Sol1: change rafs version from 6 to 5

nydusify(v2.2.2) convert uses version6 as nydus image format, set to 5, then panic will not occur. nydusify convert --fs-version 5 --source $sourceImage --target $targetImage

Sol2: remove nydus image on machine and recreate the Pod

Just remove the image, such like crictl rmi {image}

Question

Apart from the mentioned two solutions, is there any other solution to solve the problem? The ideal solution is every Pod using a fixed version nydus image can run normally on the machine. Is it possible to do some code patches in nydusify(v2.2.2) to implement the ideal solution?

Other Useful Information

Some other nydus images which are converted with fs-version6 can run normally on the same machine. At the same time, Pod using the mentioned image can run normally on other machines.

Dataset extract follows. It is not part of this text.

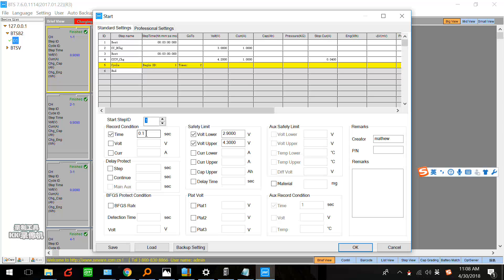Actually, the highest record condition is 10 Hz — meaning one second you can record data for 10 times. Here we can set 0.1, or one second, or ten seconds. But if you set ten seconds, the data file will be smaller. But if you set 0.1, the data file will be bigger.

imeoer commented 1 month ago

@zewenying Thanks for the details, It seems be related to the fs version v6 format, could you describe the image content a little more?

zewenying commented 1 month ago

@zewenying Thanks for the details, It seems be related to the fs version v6 format, could you describe the image content a little more?

Thanks for your reply. Could you please give me some tools to describe the image content? Because I don't know what kind of image content will help you to find out the problem.

imeoer commented 1 month ago

@zewenying Try to validate your rafs v6 image by nydusify check --source $oci_image --target $nydus_image first (requires nydusify, nydus-image, nydusd are installed on your node). :)

zewenying commented 1 month ago

@zewenying Try to validate your rafs v6 image by nydusify check --source $oci_image --target $nydus_image first (requires nydusify, nydus-image, nydusd are installed on your node). :)

Hi, here is the log. And I try to setRUST_BACKTRACE=1 to get more logs, but there are no more logs. image

Tips:

  1. I use an another nydus image which has the same problem to this one. But it passes the check. So it seems like that the registry of source image works well.
    INFO[2024-05-13T12:00:05+08:00] Verifying filesystem for source and Nydus image
    INFO[2024-05-13T12:01:03+08:00] Verified Nydus image $TARGETIMAGE
imeoer commented 1 month ago

@zewenying It looks like rafs v6 has some fs issues, does rafs v5 always works on the nydusify check?

zewenying commented 1 month ago

@zewenying It looks like rafs v6 has some fs issues, does rafs v5 always works on the nydusify check?

No. It does not pass the check with the same error.

imeoer commented 1 month ago

@zewenying Sorry for the misunderstand, It appears that the TimeOut keyword in your log, maybe it's a registry/network issue.

zewenying commented 1 month ago

@zewenying Sorry for the misunderstand, It appears that the TimeOut keyword in your log, maybe it's a registry/network issue.

I have tried another problem image which passed the check three days ago and it fails today. It seems like the registry does not work well.

zewenying commented 1 month ago

hi, @imeoer , I will leave office tomorrow. There will be an another colleague to follow this issue.